Un rapporto intenso, insomma, quello tra il futuro pontefice e il politico, che tuttavia non rinuncerà mai alla propria onestà intellettuale. Come dimostra un episodio del 1957: “Il Vaticano si è irrigidito sui Convegni, perché il sindaco di Firenze ha concesso il Salone dei Cinquecento di Palazzo Vecchio per le onoranze funebri del socialista Calamandrei – racconta Bonura – Montini, che vorrebbe intercedere presso Pio XII, chiede una spiegazione. La Pira risponde in modo semplice e disarmante, fornendo prova di grande coerenza, dicendo che stimava umanamente Calamandrei che era stato peraltro suo professore universitario.
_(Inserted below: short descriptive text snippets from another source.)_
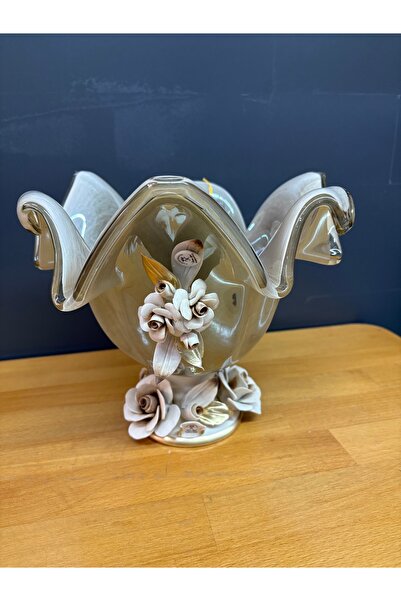 MURANO İtalyan Kristal Şekerlik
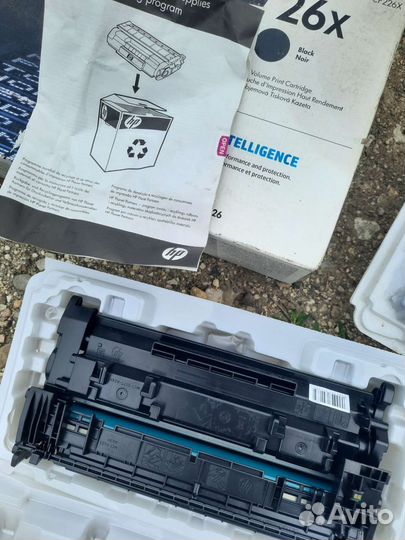 От принтера HP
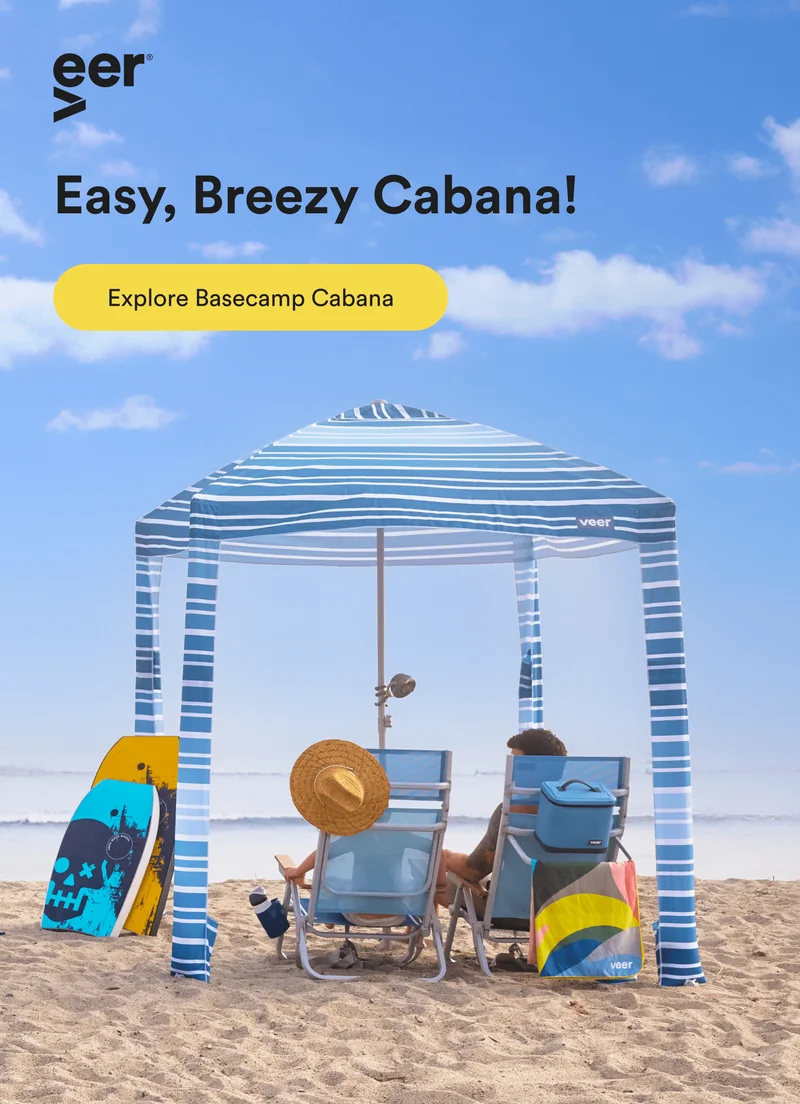 easy, breezy cabana! - explore basecamp cabana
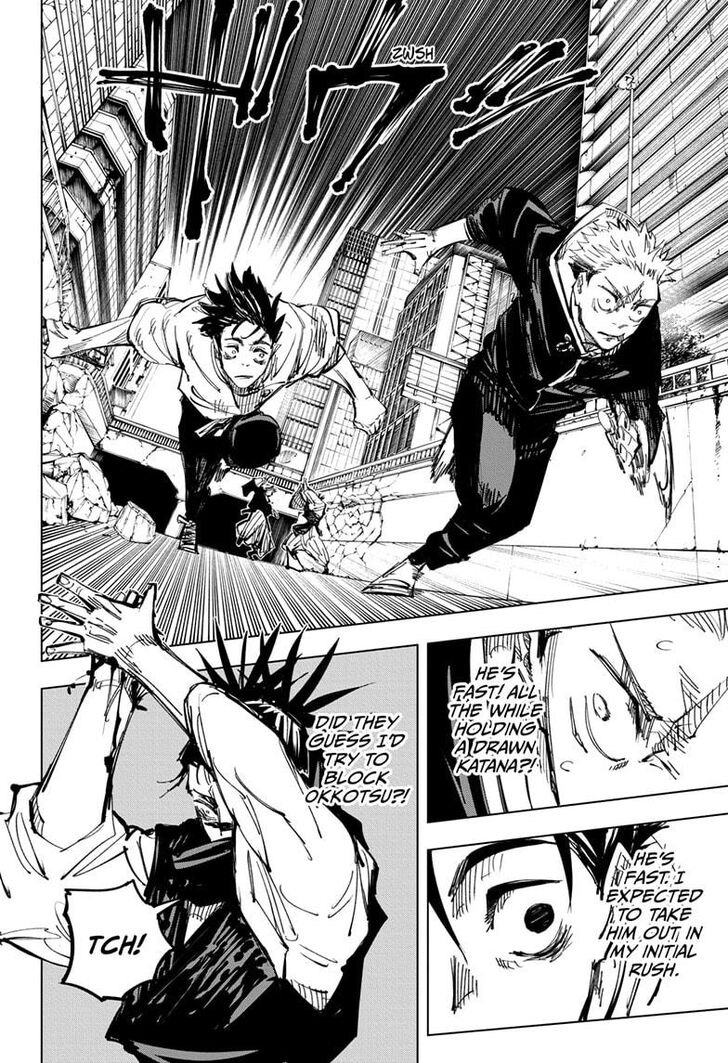 Jujutsu Kaisen Chapter 140 page 51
Non si piega quindi alla reprimenda del Vaticano, mostrando una coerenza morale che va oltre il suo stesso schieramento. Che del resto gli andò sempre stretto, fino a portarlo alle sue dimissioni da sindaco”.

Un documento prezioso, insomma, questo carteggio. Che mostra le affinità e le distanze tra i due grandi personaggi, sin dalla scrittura: ordinata e geometrica quella del presule, agitata e urgente quella del politico (quest’ultimo assistito da una segretaria, Giovanna Antinesca Rabissi Tilli, le cui trascrizioni sono state preziose per i curatori). Ma sopratutto due uomini profondamente attraversati dalla Fede. “Tra La Pira e Montini  c’è un continuo richiamo alla Madonna, allo Spirito Santo, alla spiritualità cristiana. Anche quando assume posizioni non in linea con i vertici vaticani, per lui resta fondamentale restare all’interno della Chiesa, perché sente profondamente di appartenerle”.